FlyerTalk Forums - View Single Post - Two weeks in Italy for our honeymoon
View Single Post
Old Jun 10, 2016, 2:59 pm
  #14  
Perche
 
Join Date: Mar 2011
Location: SFO, VCE
Programs: AA EXP >4 MM, Lifetime Plat
Posts: 2,881
Originally Posted by flapane
Don't get me wrong, but having spent almost all my entire life there I can testify that this is something I have never heard, told or seen before, and I can actually hardly imagine the scene.
But it could be a nice scene for an american movie, though, provided they start using some theatrical gestures, too.
You lived in Naples met of you life and don't know it has its own language? Those in the tourist or services industry speak Italian, but with a strong Napolitano accent.

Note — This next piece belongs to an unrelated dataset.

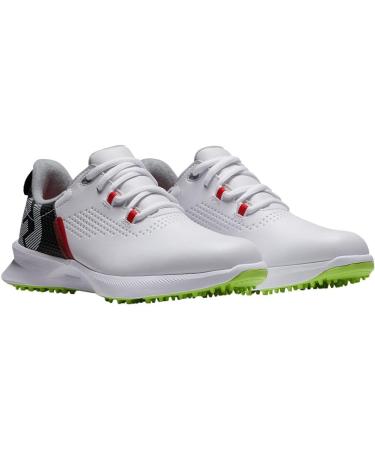 FootJoy Unisex Junior Fuels Golf Shoes - 36 EU White Black Lime | International Shipping Available - Buy Online on GoSupps.com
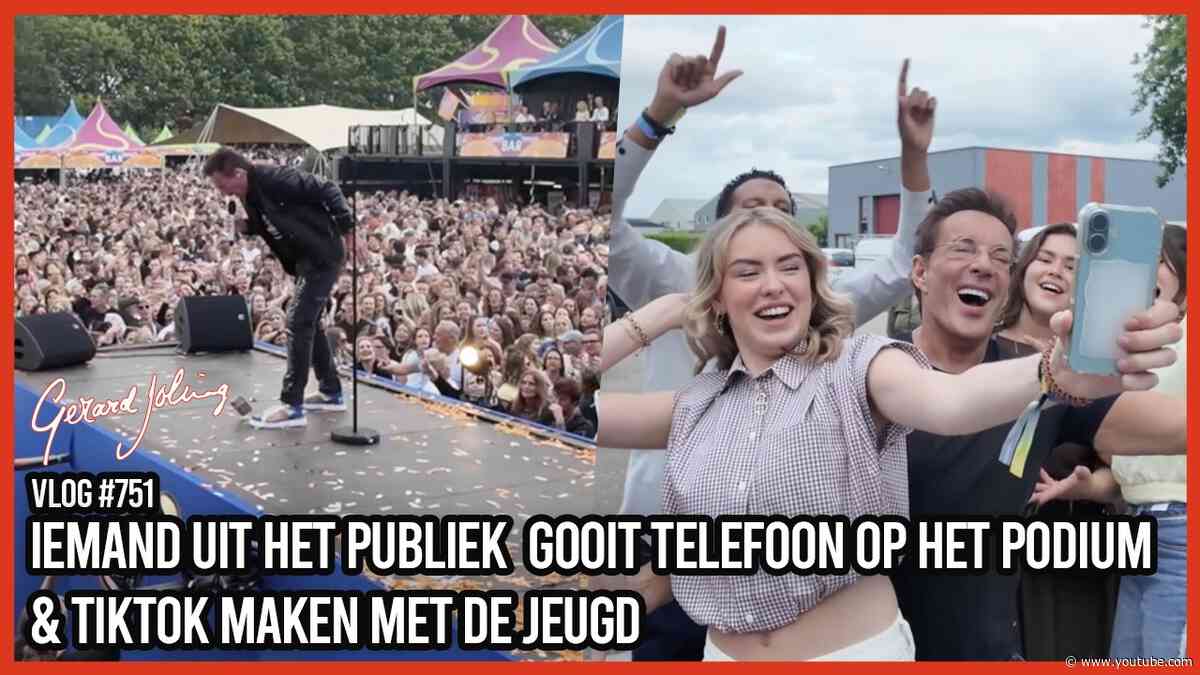 IEMAND UIT HET PUBLIEK  GOOIT TELEFOON OP HET PODIUM & TIKTOK MAKEN MET DE JEUGD-GERARD JOLING -#751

In 2008, the Neapolitan language was recognized by UNESCO as a protected language and heritage. It’s spoken by about 8 million people in Southern Italy, though it enjoys no official status and is not taught in schools. It’s somewhat intelligible with Italian, as most Romance languages are, but the two truly differ to the point where a northern Italian would have no idea what was being said in a bar exchange in Naples. There are many words that cannot be translated back into Italian; in fact, many Neapolitans may have to switch from speaking Italian to Neapolitan just to get their true point across. I've walked into many a bar on the periphery of the tourist area, and the bartender shrugs and calls over a kid because to learn Italian for the first 8 years of school, because it's not spoken at home. Go to a pizza shop on via Tribunali, or a restaurant or hotel on the lungamare, or one of the fashionable areas and you will be able ton understand the Naples accented Italian. But if you wander out as I do, that's by the case. They'll always find someone in the bar who can communicate with you, but many older ones cannot. I've walked into neighborhood bars where they are speaking Napolitano and ask them a question in Italian. They'll answer in Italian. Then go back to Napolitano and I have no clue. Not even a word, there's enough Italian for commercial purposes, but if you're sitting in a real local restaurant, that language you here around you is not Italian being spoke. Same in many parts of Venice, slices of Piemonte and Abruzzo and Sicily. This is less as you go up the educational and professional ladder because all higher education is taught in Florentine (standard) Italian.